I give his shoulder a sympathetic squeeze as we stand up. He stiffens.

Does he not like to be touched? Or is he just not used to it? Does he have anyone to hold him, to hug him, to bring him comfort? I can’t picture his mates from the other night giving him much more than a sturdy back pat, but who consoled him after Eve died? Did Lise?

I’d wither away if I didn’t have anyone to hug me. I think that’s why I got attached to Jackson so fast—he’s been tactile with me since we were kids. My own mother hardly ever hugged me, but Jackson made me feel cared for. Mellie too.

Who hugged étienne when Estelle no longer could? Who hugged him when she died? When she was dying?

And then I remember that I did.

I’d arrived at the other side of the river and seen the nurse’s car on the drive—étienne had told me that she was coming, but I’d forgotten.

I wasn’t sure what to do. Leave? Wait? But then I saw him sitting on the grass by a willow tree, his head bowed, his arms looped around his knees.

I was distressed to realize that his shoulders were shaking.

I’d never navigated the rocks so fast. He glanced up and spotted me when I was almost across and he looked momentarily horrified, but I didn’t give him enough time to wallow in his embarrassment—as soon as I was on the bank, I ran.

He stumbled to his feet, holding out his hand to ward me off, but I shoved past it and engulfed him in the hardest hug. A moment later his arms came around me and then he sobbed against my shoulder. I remember clutching hold of him as his weight sagged.

Eventually his grip on me loosened and he let me go, but I took his wrist and pulled him down to the grass. I couldn’t tell him that it would all be okay because it wouldn’t be. So I rested my forehead against his temple and stroked his hair as his shoulders began to shake again.

“I’m so sorry,” I said. Tears were streaming down his face in a steady flow and it was agony to witness so much pain in someone I’d come to care about.

His cheeks were rough with barely there stubble as I brushed his tears away.

I wasn’t thinking as I swept my thumb across his lower lip, but when he inhaled sharply and met my eyes, I suddenly felt dizzy.

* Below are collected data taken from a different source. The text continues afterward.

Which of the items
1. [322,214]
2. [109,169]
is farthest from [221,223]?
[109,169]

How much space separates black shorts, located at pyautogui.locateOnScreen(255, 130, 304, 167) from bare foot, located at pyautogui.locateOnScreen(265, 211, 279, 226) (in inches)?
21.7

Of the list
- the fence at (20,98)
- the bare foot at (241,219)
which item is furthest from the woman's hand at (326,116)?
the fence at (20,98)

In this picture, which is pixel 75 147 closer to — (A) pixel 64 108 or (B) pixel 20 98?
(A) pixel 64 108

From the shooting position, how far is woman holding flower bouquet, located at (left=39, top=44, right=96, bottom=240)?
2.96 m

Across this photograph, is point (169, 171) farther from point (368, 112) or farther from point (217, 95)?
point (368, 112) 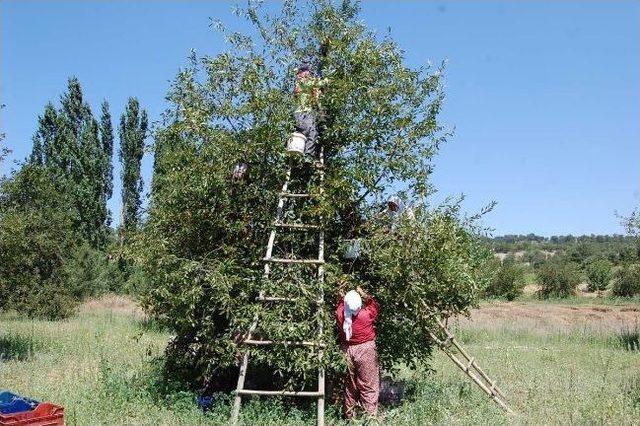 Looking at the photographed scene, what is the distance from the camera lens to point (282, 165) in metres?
8.77

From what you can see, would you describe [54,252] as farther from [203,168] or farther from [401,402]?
[401,402]

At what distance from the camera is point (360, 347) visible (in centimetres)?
784

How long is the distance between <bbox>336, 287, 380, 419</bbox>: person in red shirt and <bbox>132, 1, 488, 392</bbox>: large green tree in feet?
0.76

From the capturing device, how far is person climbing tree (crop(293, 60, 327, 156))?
8609 mm

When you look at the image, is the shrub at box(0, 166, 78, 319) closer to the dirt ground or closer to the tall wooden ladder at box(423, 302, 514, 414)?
the tall wooden ladder at box(423, 302, 514, 414)

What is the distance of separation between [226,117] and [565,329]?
1648 centimetres

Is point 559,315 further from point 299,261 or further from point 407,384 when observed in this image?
point 299,261

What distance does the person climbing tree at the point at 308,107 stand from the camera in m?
8.61

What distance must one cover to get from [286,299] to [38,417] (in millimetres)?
2959

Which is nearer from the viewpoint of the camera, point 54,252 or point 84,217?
point 54,252

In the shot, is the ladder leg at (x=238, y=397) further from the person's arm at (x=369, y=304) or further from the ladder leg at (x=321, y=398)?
the person's arm at (x=369, y=304)

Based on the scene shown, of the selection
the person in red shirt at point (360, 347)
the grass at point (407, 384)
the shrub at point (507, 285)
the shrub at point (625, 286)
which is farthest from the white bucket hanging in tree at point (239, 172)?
the shrub at point (507, 285)

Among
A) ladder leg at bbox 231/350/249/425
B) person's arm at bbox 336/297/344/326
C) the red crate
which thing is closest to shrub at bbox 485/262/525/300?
person's arm at bbox 336/297/344/326

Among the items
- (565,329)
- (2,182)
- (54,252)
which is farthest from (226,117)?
(565,329) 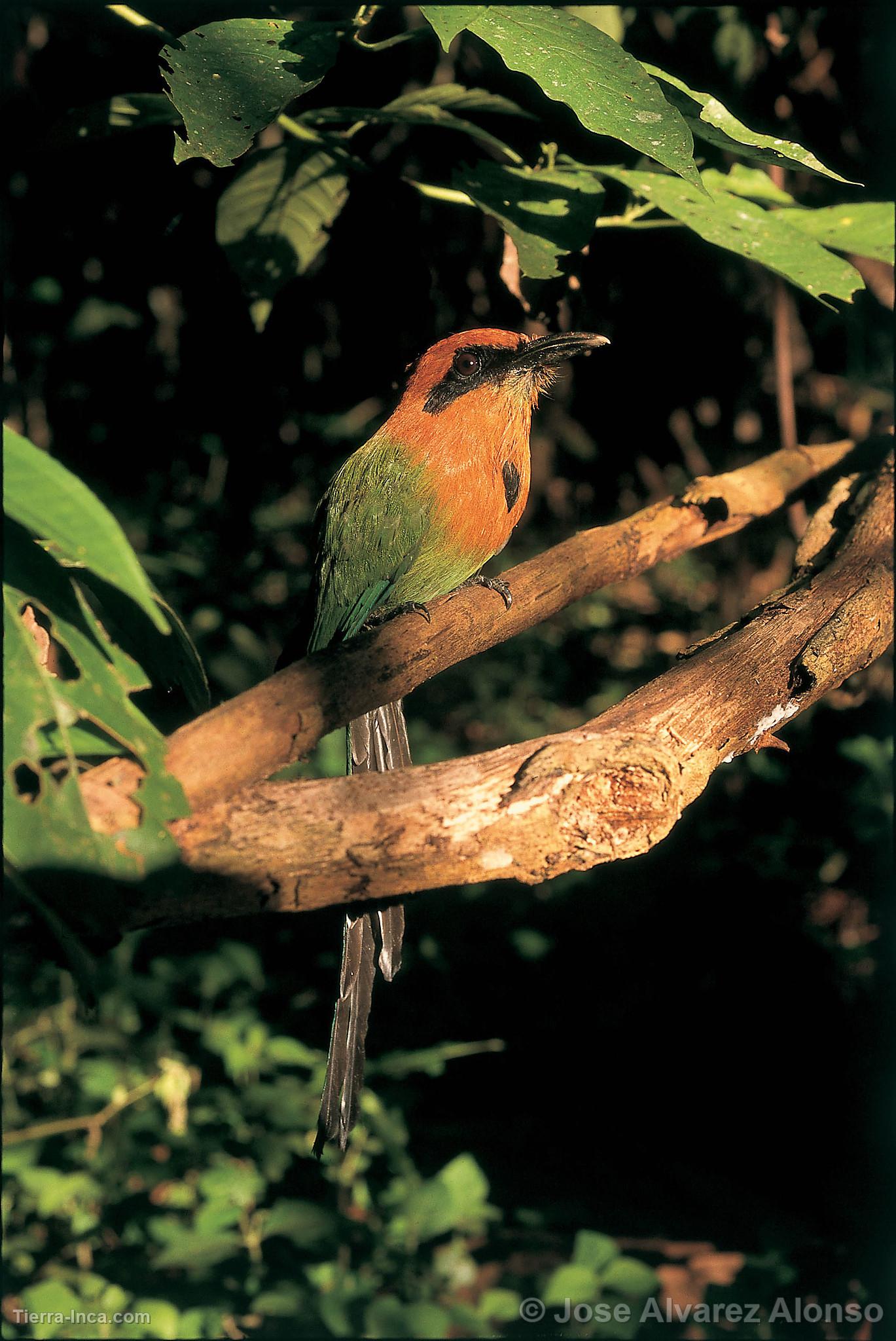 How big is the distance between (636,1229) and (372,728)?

A shiver travels down my spine now as I recall the way we stared at each other. I was that close to leaning in and putting my lips on his when the door opened and the nurse came out.

étienne jumped to his feet and jogged toward her while I sat on the grass, freaking out over what had almost happened.

It all felt so big and scary, what étienne was going through. The end of summer was fast approaching and I knew I was going home soon. I couldn’t be there for him or be more than what I was: a friend. It would have been hopeless to try to be anything more.